[Source data]
----

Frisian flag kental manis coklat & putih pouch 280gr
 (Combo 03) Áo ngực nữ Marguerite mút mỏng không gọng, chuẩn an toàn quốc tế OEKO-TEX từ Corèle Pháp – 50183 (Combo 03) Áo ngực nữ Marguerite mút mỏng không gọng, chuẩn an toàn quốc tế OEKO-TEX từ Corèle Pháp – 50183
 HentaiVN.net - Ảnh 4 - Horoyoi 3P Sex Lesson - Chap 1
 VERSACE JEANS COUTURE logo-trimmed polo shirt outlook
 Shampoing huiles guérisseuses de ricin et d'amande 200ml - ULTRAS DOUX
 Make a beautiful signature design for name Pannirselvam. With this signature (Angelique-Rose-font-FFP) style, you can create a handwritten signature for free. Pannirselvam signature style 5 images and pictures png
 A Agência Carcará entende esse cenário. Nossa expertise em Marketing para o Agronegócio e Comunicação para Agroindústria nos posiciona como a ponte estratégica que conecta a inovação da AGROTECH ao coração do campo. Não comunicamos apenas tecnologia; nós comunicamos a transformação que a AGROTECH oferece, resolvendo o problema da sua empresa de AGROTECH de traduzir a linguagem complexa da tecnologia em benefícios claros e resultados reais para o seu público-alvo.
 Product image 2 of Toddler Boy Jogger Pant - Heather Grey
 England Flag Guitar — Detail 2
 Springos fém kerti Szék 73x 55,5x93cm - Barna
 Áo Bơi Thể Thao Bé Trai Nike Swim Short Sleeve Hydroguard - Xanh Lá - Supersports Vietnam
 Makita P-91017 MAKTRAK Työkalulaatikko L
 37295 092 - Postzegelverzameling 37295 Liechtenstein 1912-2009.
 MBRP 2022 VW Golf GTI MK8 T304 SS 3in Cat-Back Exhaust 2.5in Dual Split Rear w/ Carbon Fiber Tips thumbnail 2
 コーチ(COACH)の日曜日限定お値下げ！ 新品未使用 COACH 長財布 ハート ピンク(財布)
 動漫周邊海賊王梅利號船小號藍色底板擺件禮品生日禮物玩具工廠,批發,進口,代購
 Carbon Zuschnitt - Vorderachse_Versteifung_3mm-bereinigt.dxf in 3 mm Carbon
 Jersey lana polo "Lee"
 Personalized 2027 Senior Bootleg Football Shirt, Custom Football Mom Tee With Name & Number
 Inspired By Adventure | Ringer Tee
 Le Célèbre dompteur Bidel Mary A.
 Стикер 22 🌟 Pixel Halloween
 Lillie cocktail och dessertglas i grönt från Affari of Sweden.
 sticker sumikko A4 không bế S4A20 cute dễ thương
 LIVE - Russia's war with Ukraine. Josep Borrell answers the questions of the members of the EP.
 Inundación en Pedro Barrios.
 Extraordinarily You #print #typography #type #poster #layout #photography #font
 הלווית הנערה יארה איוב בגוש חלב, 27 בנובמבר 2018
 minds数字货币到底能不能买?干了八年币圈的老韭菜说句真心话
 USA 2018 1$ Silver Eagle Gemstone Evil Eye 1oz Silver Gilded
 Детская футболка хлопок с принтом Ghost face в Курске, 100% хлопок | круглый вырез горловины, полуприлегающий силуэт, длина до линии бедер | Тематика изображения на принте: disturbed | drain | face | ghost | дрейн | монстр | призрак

----

- **TASK ITEM**: Nothing in the records may be altered; restate them word for word.

- **WRITTEN RESPONSE**:
Frisian flag kental manis coklat & putih pouch 280gr
 (Combo 03) Áo ngực nữ Marguerite mút mỏng không gọng, chuẩn an toàn quốc tế OEKO-TEX từ Corèle Pháp – 50183 (Combo 03) Áo ngực nữ Marguerite mút mỏng không gọng, chuẩn an toàn quốc tế OEKO-TEX từ Corèle Pháp – 50183
 HentaiVN.net - Ảnh 4 - Horoyoi 3P Sex Lesson - Chap 1
 VERSACE JEANS COUTURE logo-trimmed polo shirt outlook
 Shampoing huiles guérisseuses de ricin et d'amande 200ml - ULTRAS DOUX
 Make a beautiful signature design for name Pannirselvam. With this signature (Angelique-Rose-font-FFP) style, you can create a handwritten signature for free. Pannirselvam signature style 5 images and pictures png
 A Agência Carcará entende esse cenário. Nossa expertise em Marketing para o Agronegócio e Comunicação para Agroindústria nos posiciona como a ponte estratégica que conecta a inovação da AGROTECH ao coração do campo. Não comunicamos apenas tecnologia; nós comunicamos a transformação que a AGROTECH oferece, resolvendo o problema da sua empresa de AGROTECH de traduzir a linguagem complexa da tecnologia em benefícios claros e resultados reais para o seu público-alvo.
 Product image 2 of Toddler Boy Jogger Pant - Heather Grey
 England Flag Guitar — Detail 2
 Springos fém kerti Szék 73x 55,5x93cm - Barna
 Áo Bơi Thể Thao Bé Trai Nike Swim Short Sleeve Hydroguard - Xanh Lá - Supersports Vietnam
 Makita P-91017 MAKTRAK Työkalulaatikko L
 37295 092 - Postzegelverzameling 37295 Liechtenstein 1912-2009.
 MBRP 2022 VW Golf GTI MK8 T304 SS 3in Cat-Back Exhaust 2.5in Dual Split Rear w/ Carbon Fiber Tips thumbnail 2
 コーチ(COACH)の日曜日限定お値下げ！ 新品未使用 COACH 長財布 ハート ピンク(財布)
 動漫周邊海賊王梅利號船小號藍色底板擺件禮品生日禮物玩具工廠,批發,進口,代購
 Carbon Zuschnitt - Vorderachse_Versteifung_3mm-bereinigt.dxf in 3 mm Carbon
 Jersey lana polo "Lee"
 Personalized 2027 Senior Bootleg Football Shirt, Custom Football Mom Tee With Name & Number
 Inspired By Adventure | Ringer Tee
 Le Célèbre dompteur Bidel Mary A.
 Стикер 22 🌟 Pixel Halloween
 Lillie cocktail och dessertglas i grönt från Affari of Sweden.
 sticker sumikko A4 không bế S4A20 cute dễ thương
 LIVE - Russia's war with Ukraine. Josep Borrell answers the questions of the members of the EP.
 Inundación en Pedro Barrios.
 Extraordinarily You #print #typography #type #poster #layout #photography #font
 הלווית הנערה יארה איוב בגוש חלב, 27 בנובמבר 2018
 minds数字货币到底能不能买?干了八年币圈的老韭菜说句真心话
 USA 2018 1$ Silver Eagle Gemstone Evil Eye 1oz Silver Gilded
 Детская футболка хлопок с принтом Ghost face в Курске, 100% хлопок | круглый вырез горловины, полуприлегающий силуэт, длина до линии бедер | Тематика изображения на принте: disturbed | drain | face | ghost | дрейн | монстр | призрак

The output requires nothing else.